- **The task**
Copy each of the entries below faithfully, setting aside any pictures.

+++++

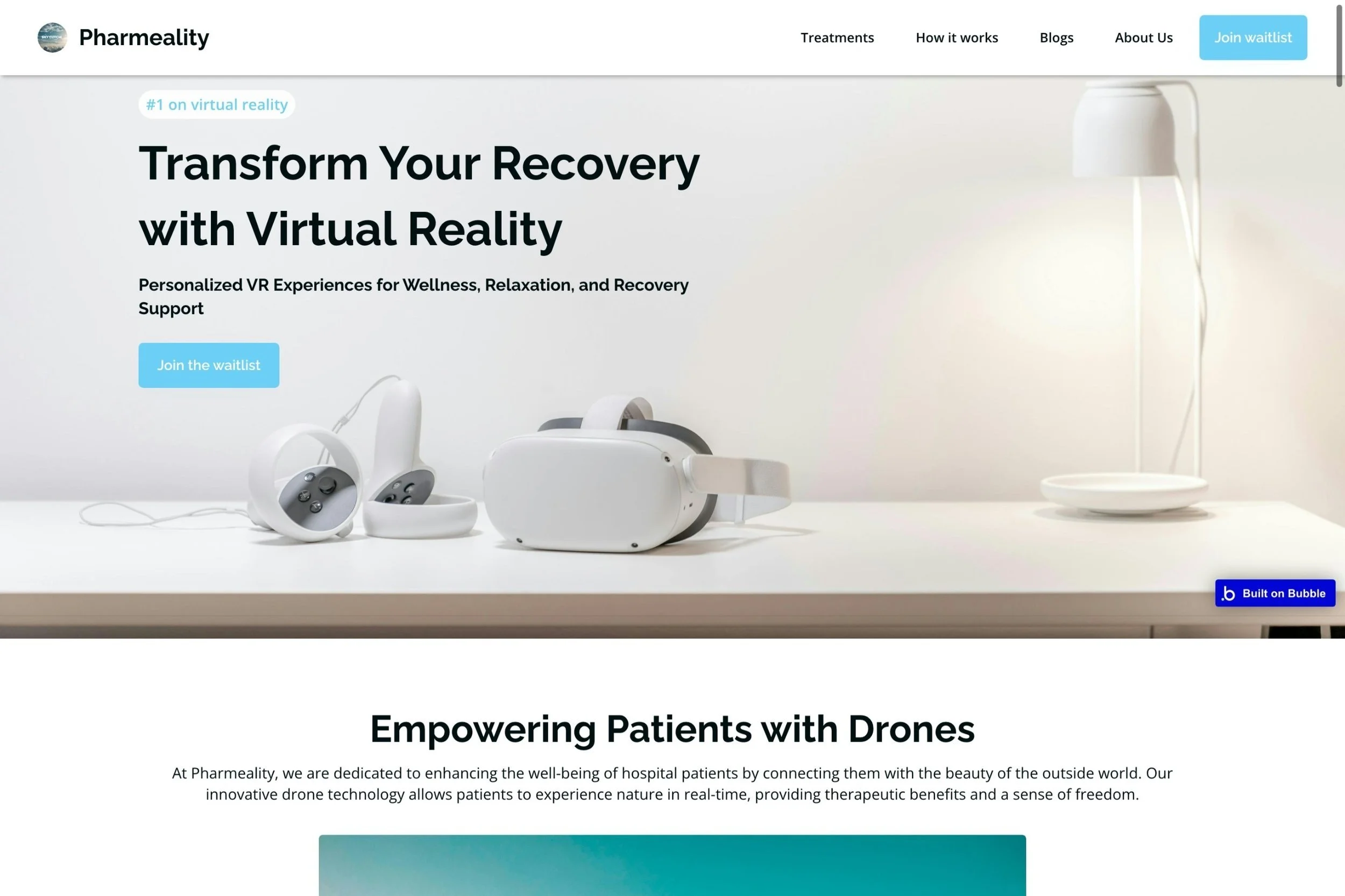 Website homepage of Pharmeality showcasing virtual reality technology for wellness with a VR headset and controllers on a table, and text about empowering patients with drones.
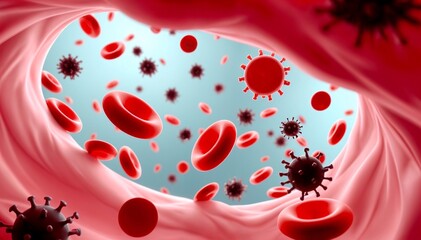 Viruses infiltrating the bloodstream surrounded by red blood cells, symbolizing the interaction between pathogens and the immune system.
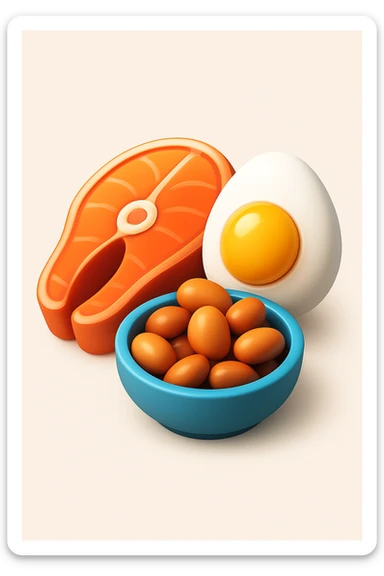 Proteine alimentari su sfondo isolato fammi un icona in 3d sticker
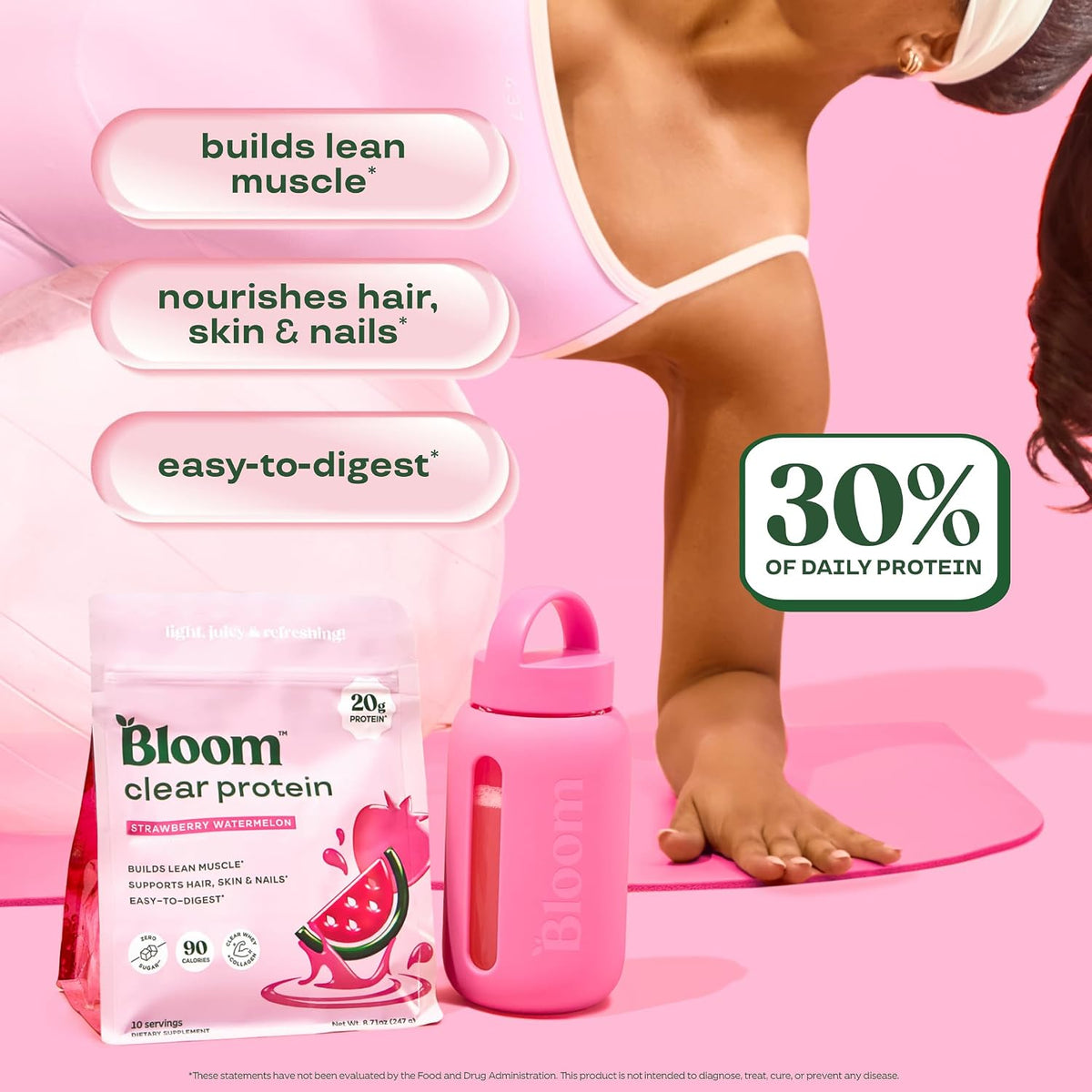 Bloom Strawberry Watermelon Clear Protein and Pre Workout Bundle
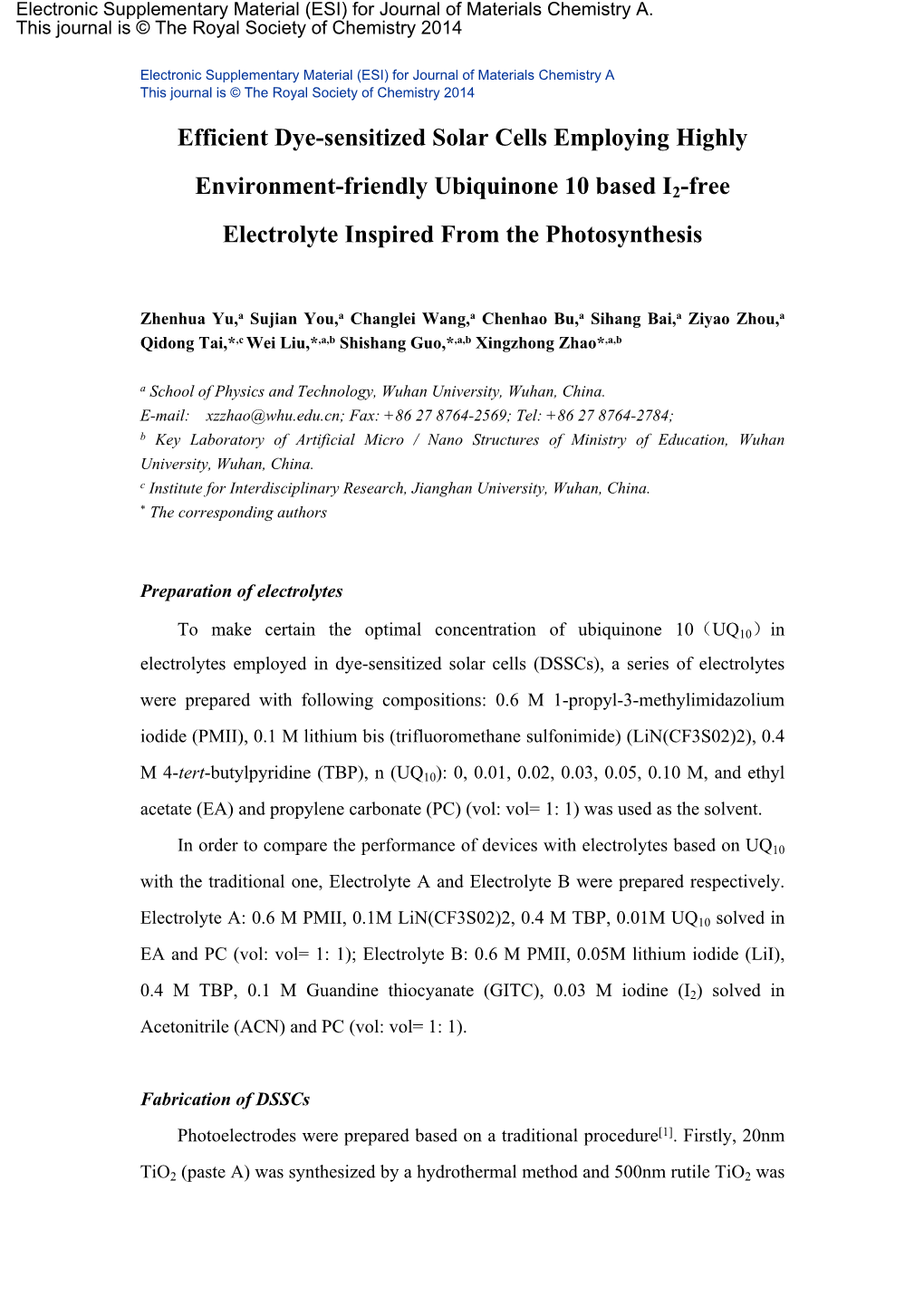 An Open-Environment Prepared Organic Redox Couple Based on Hydroquinone/Benzoquinone for Efficient Dye-Sensitized Solar Cells Wi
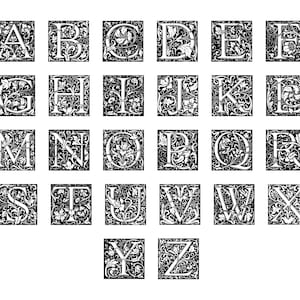 Archivos SVG del alfabeto ornamental, imágenes prediseñadas del alfabeto ornamental, archivos de corte SVG del alfabeto vintage para Cricut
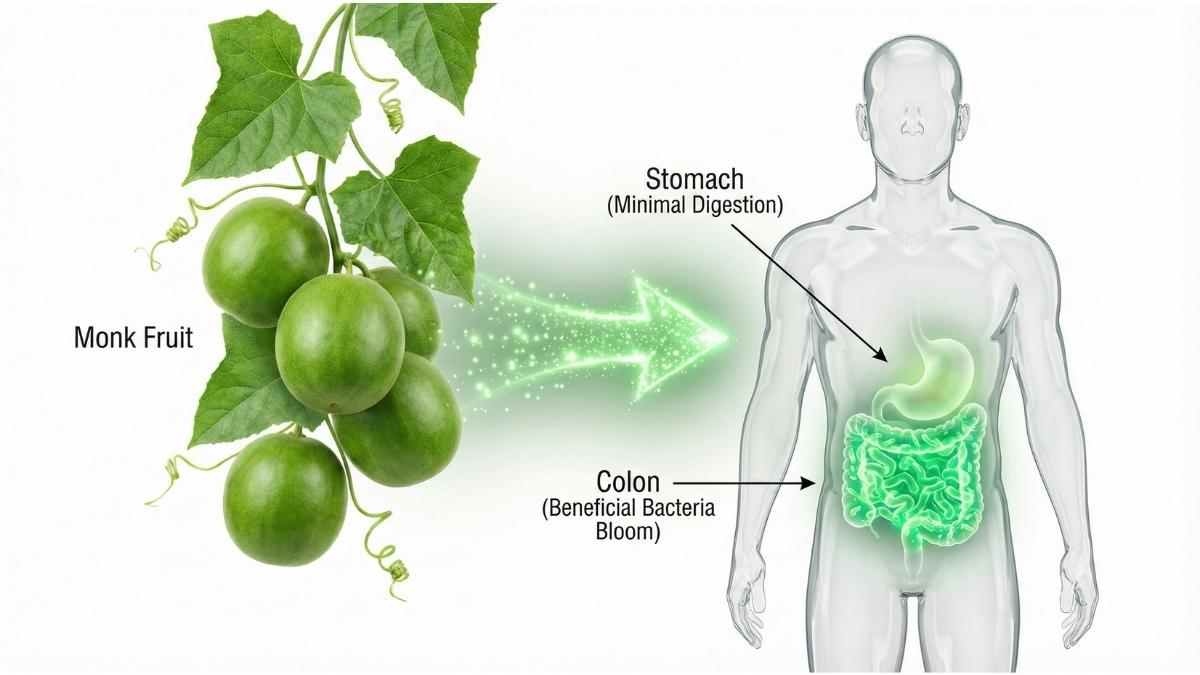Monk fruit digestion diagram showing mogrosides bypassing the stomach to feed akkermansia bacteria in the colon. Monk fruit digestion diagram showing mogrosides bypassing the stomach to feed akkermansia bacteria in the colon.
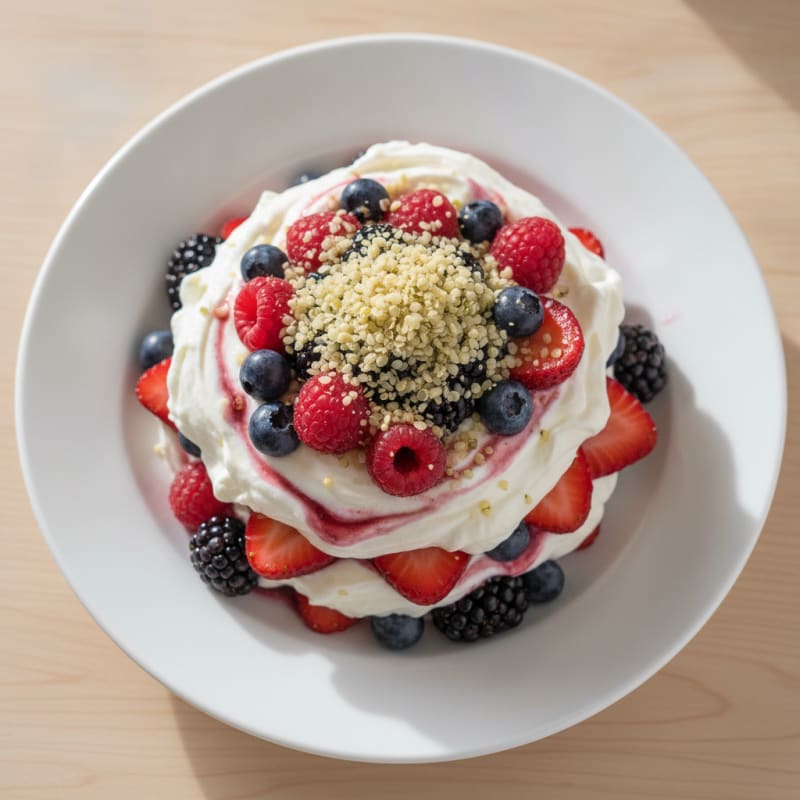 Greek Yogurt Protein Parfait with Mixed Berries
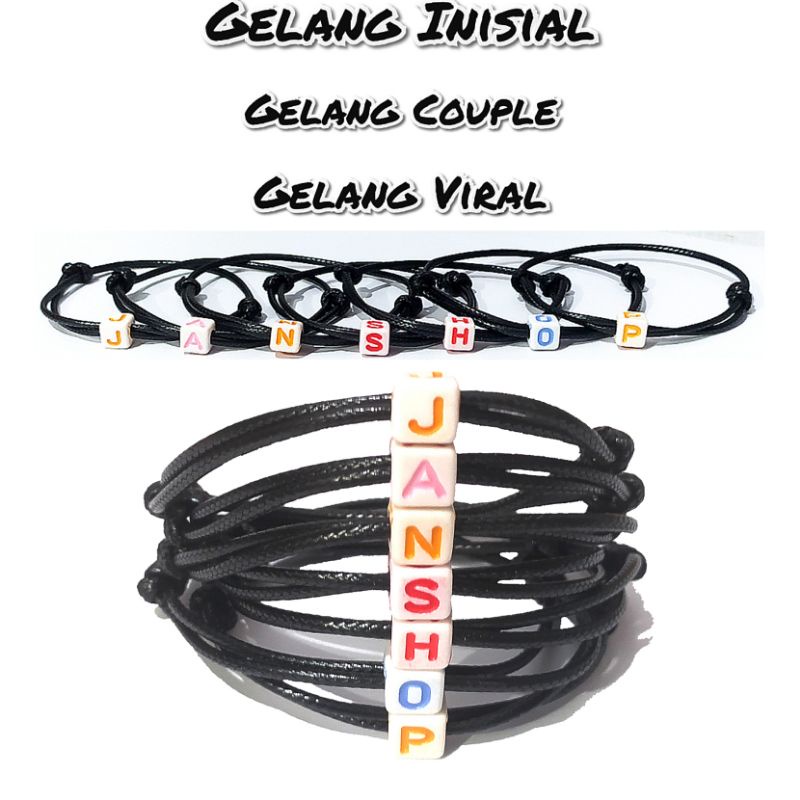 TERMURAH GELANG INISIAL GELANG COUPLE VIRAL LUCU TERBARU UNISEX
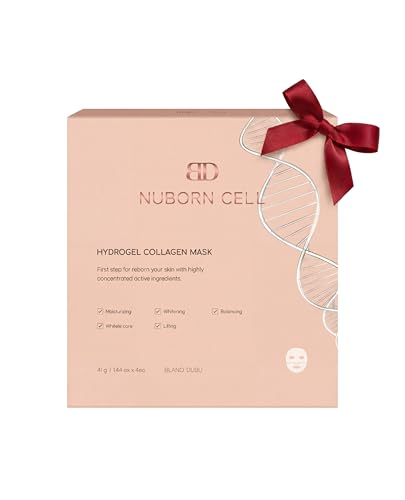 Nuborn Cell Hydrogel Collagen Mask | Hydrating Face Masks with Peptides & Hyaluronic Acid | Collagen Face Mask Overnight for Glass Skin | Face Masks Korean (4-Pack)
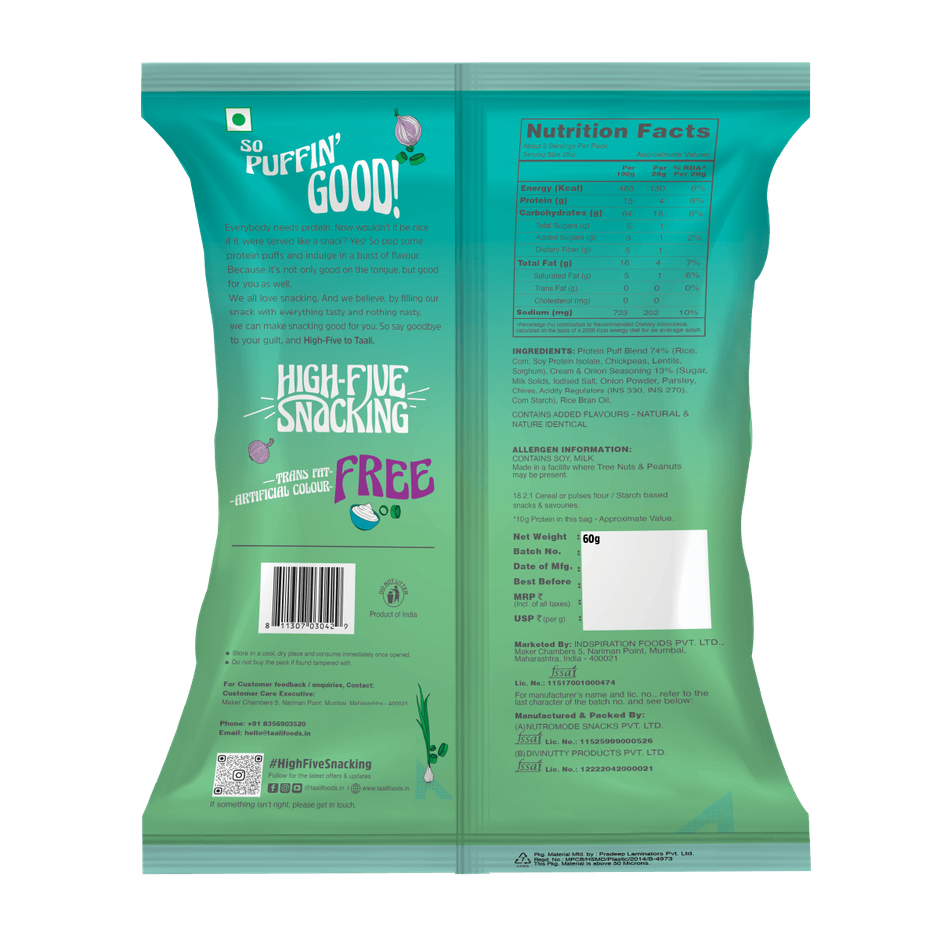 Taali Protein Puffs - Cream & Onion, Roasted, Corn & Jowar Puff, No Maida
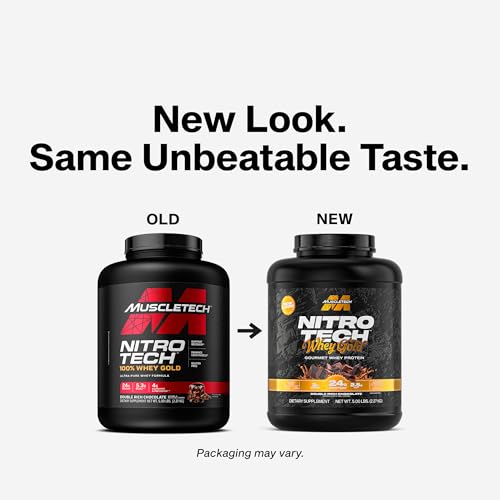 Muscletech Whey Protein Powder (Double Rich Chocolate, 5LB) - Nitro-Tech Whey Protein Isolate Smoothie Mix for Lean Muscle & Recovery - 24g of Whey Gold Protein for Women & Men - Packaging May Vary - Medaid International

+++++

- **Final answer**
 Website homepage of Pharmeality showcasing virtual reality technology for wellness with a VR headset and controllers on a table, and text about empowering patients with drones.
 Viruses infiltrating the bloodstream surrounded by red blood cells, symbolizing the interaction between pathogens and the immune system.
 Proteine alimentari su sfondo isolato fammi un icona in 3d sticker
 Bloom Strawberry Watermelon Clear Protein and Pre Workout Bundle
 An Open-Environment Prepared Organic Redox Couple Based on Hydroquinone/Benzoquinone for Efficient Dye-Sensitized Solar Cells Wi
 Archivos SVG del alfabeto ornamental, imágenes prediseñadas del alfabeto ornamental, archivos de corte SVG del alfabeto vintage para Cricut
Monk fruit digestion diagram showing mogrosides bypassing the stomach to feed akkermansia bacteria in the colon. Monk fruit digestion diagram showing mogrosides bypassing the stomach to feed akkermansia bacteria in the colon.
 Greek Yogurt Protein Parfait with Mixed Berries
 TERMURAH GELANG INISIAL GELANG COUPLE VIRAL LUCU TERBARU UNISEX
 Nuborn Cell Hydrogel Collagen Mask | Hydrating Face Masks with Peptides & Hyaluronic Acid | Collagen Face Mask Overnight for Glass Skin | Face Masks Korean (4-Pack)
 Taali Protein Puffs - Cream & Onion, Roasted, Corn & Jowar Puff, No Maida
 Muscletech Whey Protein Powder (Double Rich Chocolate, 5LB) - Nitro-Tech Whey Protein Isolate Smoothie Mix for Lean Muscle & Recovery - 24g of Whey Gold Protein for Women & Men - Packaging May Vary - Medaid International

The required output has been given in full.